Note: It is illegal to collect seed from the wild in many cases unless you own the property or have permission from the owner. Collecting wild seed can endanger natural plant communities and even where seed is abundant is discouraged by naturalists and ecologists in any but modest amounts on private property. It is not permitted at all on protected lands such as our National Forests, State Parks, and preserves such as those of The Nature Conservancy.
I’ve noticed masses of small pale purple flowers along streamsides, in ditches, and low-lying areas around Floyd County. I believe these are our native Symphyotrichum puniceum, Purple-stem Aster, often called Swamp Aster though not by the Flora (read more).
I plan to collect seed in about a month once the seedheads have dried, since we have some growing above one of our roadside ditches. These like many native perennials require 60 days cold moist stratification, so I will start them in damp sand in the refrigerator probably in February with plans to plant in April when the nights are still cool. Prior to stratifying them, I’ll store the seeds in a paper envelope or ziploc baggie in a cool dark location.
Cold Moist Stratification
To cold moist stratify: I like using a steel mixing bowl and dry sand, thoroughly blending seeds into the sand, sprinkling sparingly with water until damp but not wet, then spooning the mixture into a ziploc bag. The bag is labeled with the name, date, and any other notes, the calendar marked for 60 days later, and the bag placed in the back of the fridge. Based on past experience with Symphyotrichum pilosum, I will not stratify a great quantity of seed, as I got bumper crops from only about 6 or 7 small flower heads.

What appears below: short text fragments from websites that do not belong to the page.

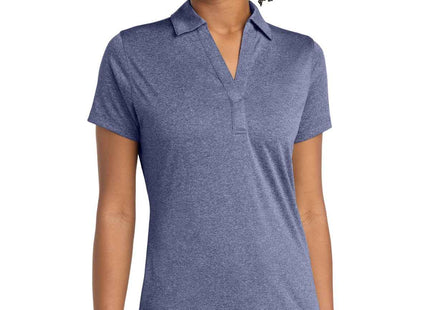 SportTek Women's Heather Contender Polo LST660 True Navy Heather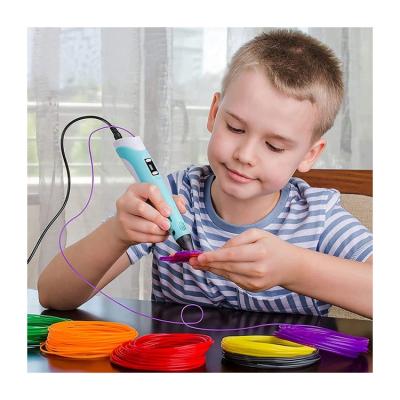 China Easy to Use 3D Pen LED Screen DIY PLA Filament Creative Toy Gift 3D Printing Printer Pen Drawing Pen For Kids Drawing 3D for sale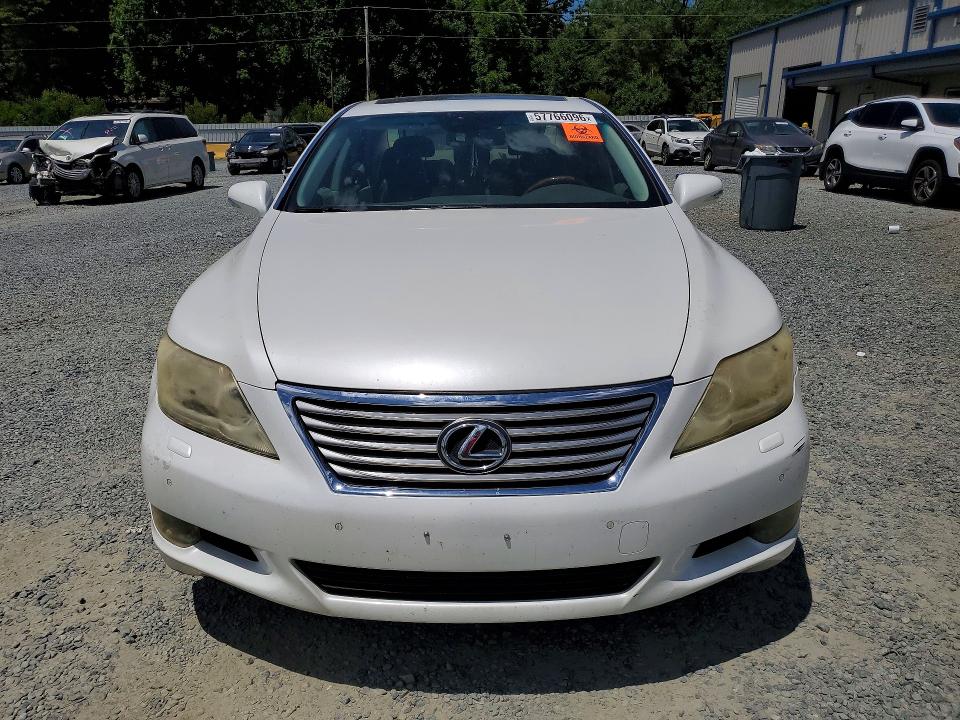 2010 Lexus Ls 460 VIN JTHBL5EF8A5098563 COPART salvage auction — FRAME DAMAGE, Nc - Dlr Only-Clean/Over 25% Damage, sold $1,500 on 2026-07-02 (photo 5)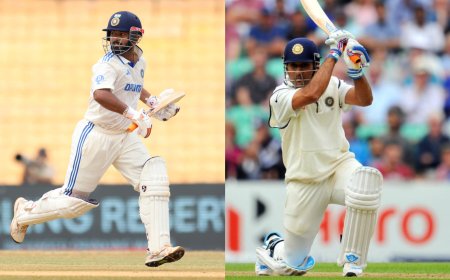 சேப்பாக்கத்தில் ரிஷப் பண்ட் சதம்: அதிரடியாக தகர்க்கப்பட்ட தோனியின் சாதனை!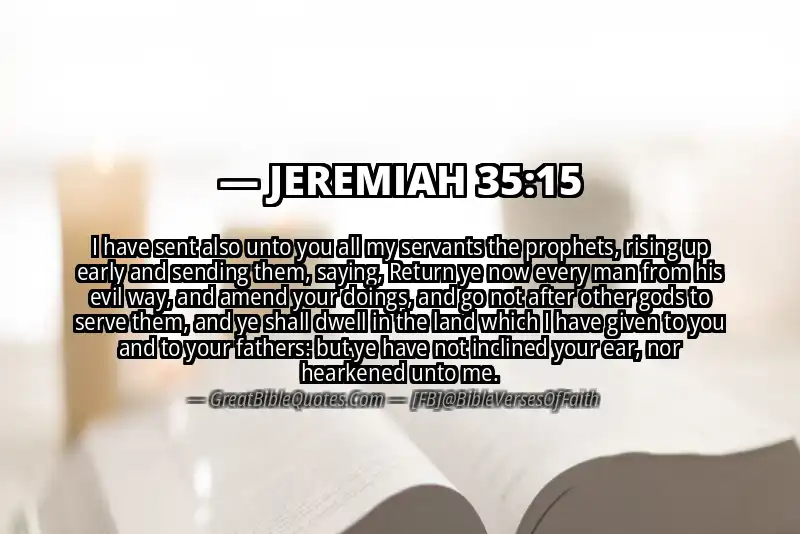 JEREMIAH 35:15 Verse Image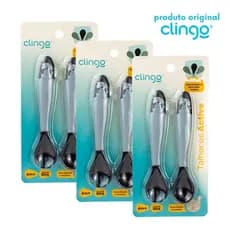 Talheres Articuláveis Clingo Colors Marinho - Flexíveis Kit c/ 3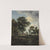 A Farm in the Sunlight by Meindert Hobbema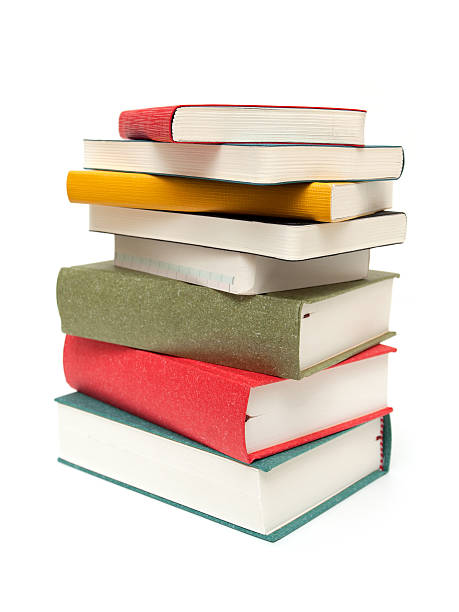 Stack of books isolated on white background #Lightbox: Education+ stacking stock pictures, royalty-free photos & images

To plant, good seedling or potting medium is filled and settled in a seedling tray supported by a daisy tray, and the medium is watered until well moistened if needed. Then the sand/seed mixture is spread across the surface of the tray until evenly distributed (this is an inexact science and not as tricky as it seems at first), and the whole tray is deeply but gently watered in with the mist setting on the hose.

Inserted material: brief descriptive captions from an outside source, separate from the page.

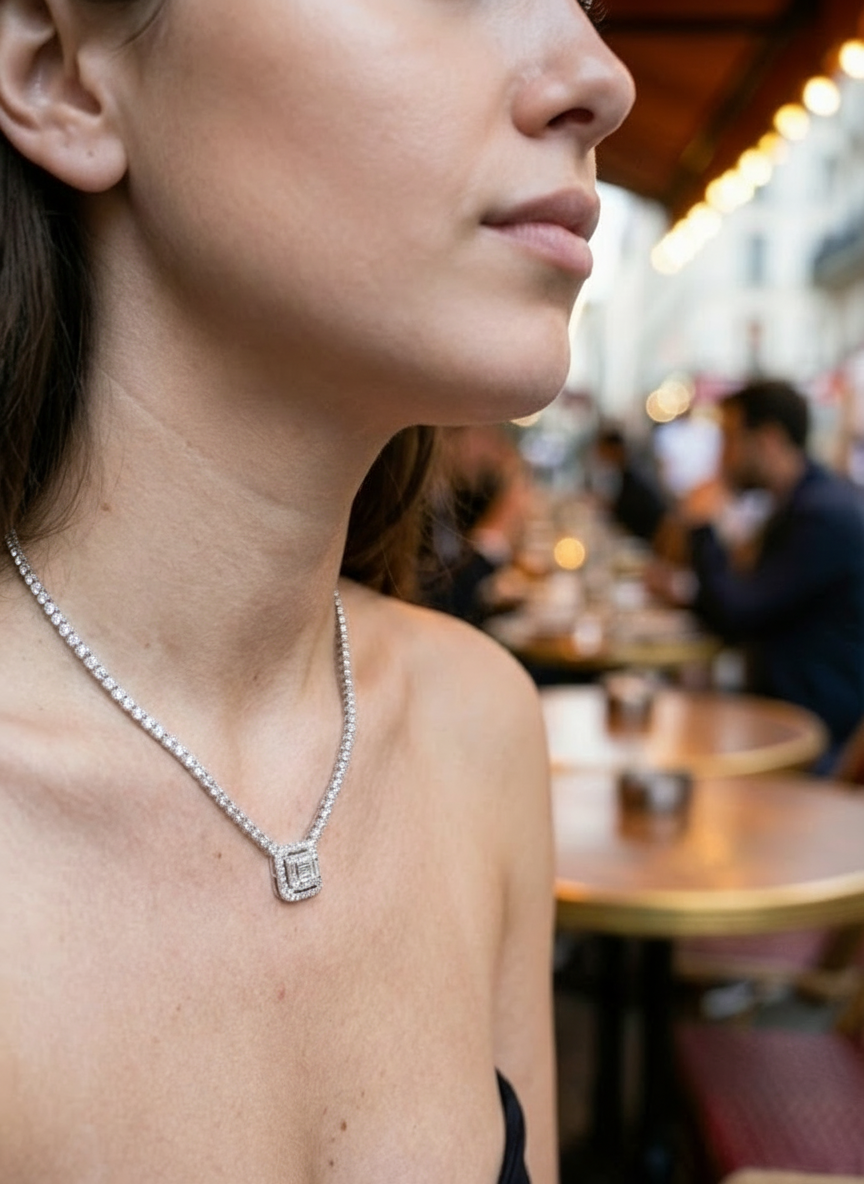 Baget Stone Kolye (Silver)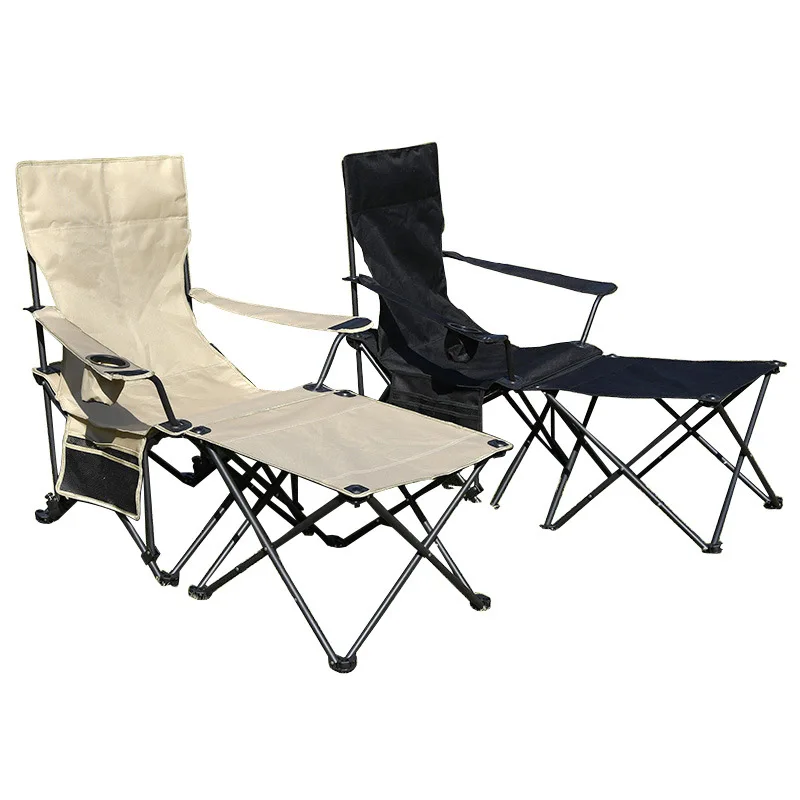 

Outdoor sitting and lying dual-purpose armrest folding chair portable lunch break chair beach camping foot fishing stool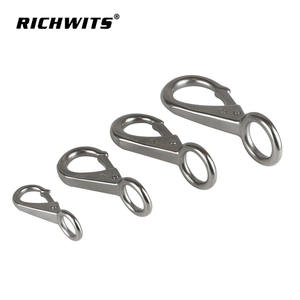 Crochets directionnels en acier inoxydable à ressort fixe, quincaillerie marine pour yacht et voilier, état neuf, crochets pour sangles pour bateaux - Product Image 3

Trays are set outdoors to sprout, which may take as long as 6 weeks or as little as 2 (I have not sprouted this species before). Setting on a table or off the ground will protect seedlings from slugs, especially if the legs of the table are set into water-filled containers. Overhead protection able to withstand hail and torrential rain is strongly recommended given Floyd’s propensity to stormy spring weather. Anything from a greenhouse to a brightly lit covered porch to a wire cage with row cover will do, so long as it allows light through and doesn’t interfere with watering.
Once seedlings sprout, after the second set of leaves has emerged, they can be transplanted into larger containers to grow large enough to plant. We used deep cell plug trays, my favorite for efficiency of space and soil as well as for producing a very sturdy plant that is much easier to transplant than larger pots. But you could plant into any kind of pot or container you like. Water every day until planted.
Planting time depends on root development and your ability to keep them watered until established. Maya Skopal once told me she plants native plants all year round and I’ve found this advice to be true. Not into frozen or sodden ground, but much of the year in Floyd the ground is pliable enough. Even during the height of summer you can have success so long as you water them the first few weeks and again during drought.